5. Pour entrer dans un jeu (de plein gré, bien entendu), il faut que le joueur espère tirer un bénéfice de sa participation au jeu, qu’il en attende un prochain retour sur investissement : les efforts fournis (les heures de travail) doivent être en rapport avec les profits retirés (le montant du salaire). Le problème est que les intérêts poursuivis par les joueurs entrent inévitablement en contradiction, en conflit les uns avec les autres (c’est la question du partage de la valeur), également en conflit avec le but commun (c’est la question de l’intérêt collectif — celui de la nation, de l’entreprise, de la famille).

2. La nocivité du double jeu

6. De ce qui précède, il découle que le jeu social est une activité de groupe qui affiche un objectif commun (le but du jeu) mais comporte des motivations personnelles cachées (les buts des joueurs), lesquelles se contredisent entre elles et télescopent l’objectif commun. Par exemple, l’ambition d’un député est moins de représenter les électeurs que de se faire réélire ; celle d’un dirigeant d’entreprise est moins la satisfaction des clients et le sort des salariés que sa propre réussite, financière et honorifique. Ce ne sont là que des évidences.

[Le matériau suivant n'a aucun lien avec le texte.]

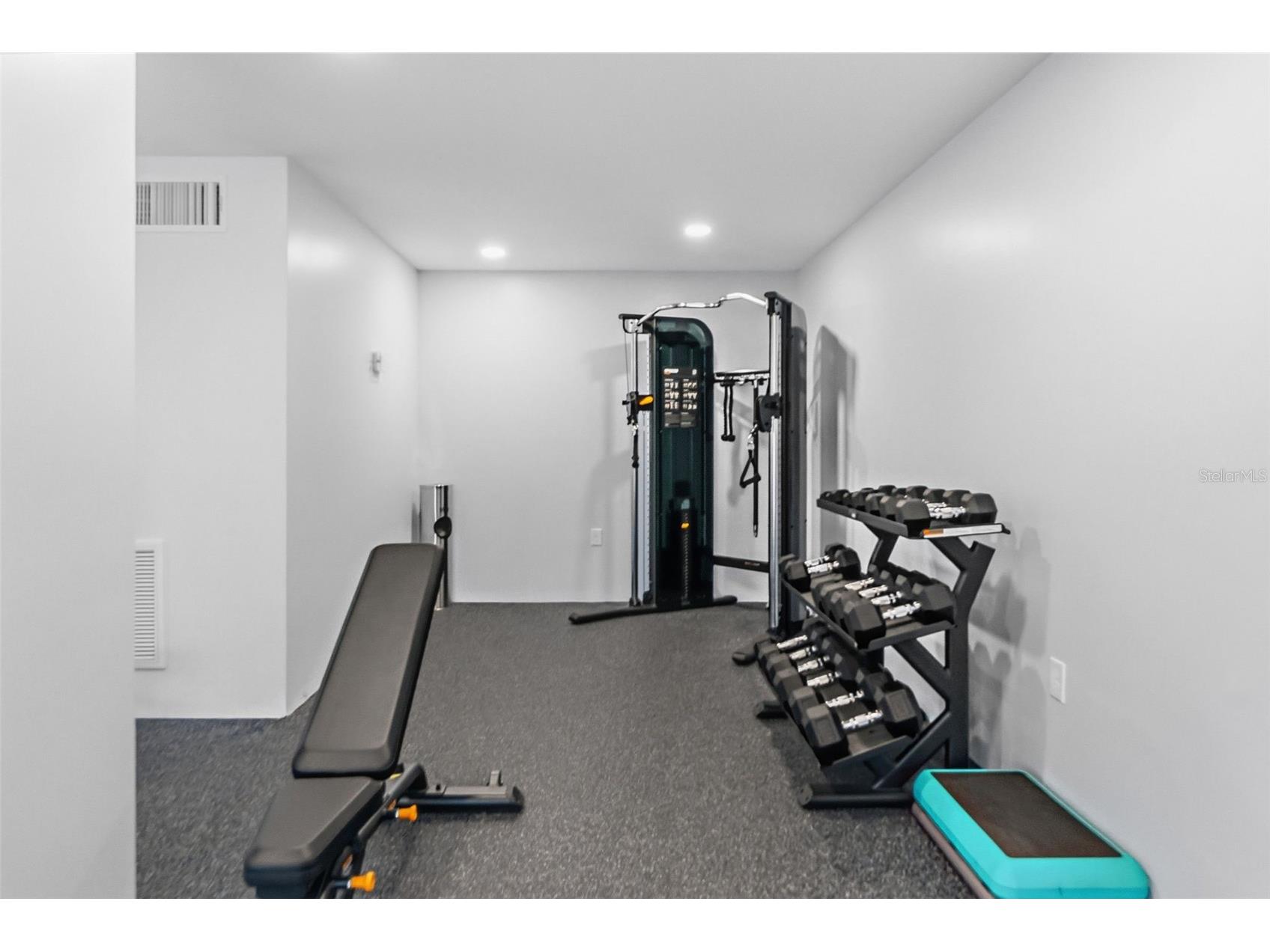 988 Blvd Of The Arts #1116 Sarasota FL 34236 - SARASOTA BAY A4690957 image66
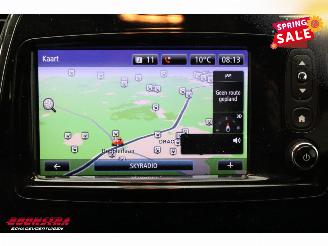 Renault Captur 0.9 TCe Dynamique Navi Clima Cruise Camera AHK picture 27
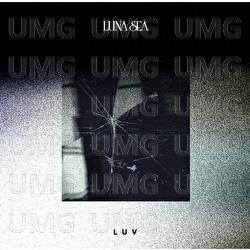 Hold You Down - LUNA SEA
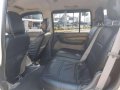 2004 FORD EVEREST A/T Diesel for sale-3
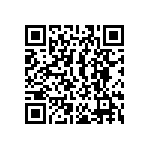 74HC1G02GV-Q100-12 QRCode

7. Où l’on en vient à la dimension pernicieuse des jeux sociaux, ces jeux de dupes qui font des perdants et des gagnants, en leur propre sein (alors même qu’ils affichent un but collectif) et en dehors (alors même qu’ils doivent remplir une fonction sociale). De là viennent tous les dysfonctionnements que l’on observe aujourd’hui : la prévalence du court-terme sur le long-terme, la prééminence de l’économie sur l’écologie, la prépondérance de l’égoïsme sur la solidarité.

3. La fécondité du double jeu

8. Rien de nouveau sous le soleil, pensera un lecteur dubitatif. Deux choses, pourtant, sont inédites dans l’histoire : d’une part, l’extraordinaire pouvoir destructeur de l’humanité et, d’autre part, sa non moins extraordinaire capacité de réalisation. Inutile d’insister sur ses prodigieuses facultés d’anéantissement… En revanche, rappelons que les XXe et XXIe siècles ont aiguisé et précisé le regard de l’humanité sur elle-même — à cet égard, les progrès des sciences humaines sont proprement stupéfiants.

9. La psychologie et la sociologie ont dévoilé les déterminismes auxquels obéissent les êtres en société. Désormais, l’on sait comment pousser les Hommes à l’entraide ; par conséquent, on peut les inciter au dévouement ; dès lors, on doit leur inculquer l’espérance. Décortiquée et théorisée, la motivation est un mécanisme spontané qui, bien employée, saurait positivement influencer les comportements.

Conclusion

10. Il y a dans ce plaidoyer sommaire non pas une utopie sans consistance, un vœu hors de portée, mais une exhortation à reconsidérer les priorités, à repenser les structures, à réformer les systèmes. L’humanité agira longtemps encore à travers ces jeux qui forgent le monde. Mais elle est aujourd’hui en mesure d’imaginer de nouveaux jeux sociaux (coopération plutôt que concurrence) qui répareraient la nature et protégeraient le vivant. Désormais, l’humanité n’a plus à subir ses propres tourments. Elle peut réécrire la règle du jeu.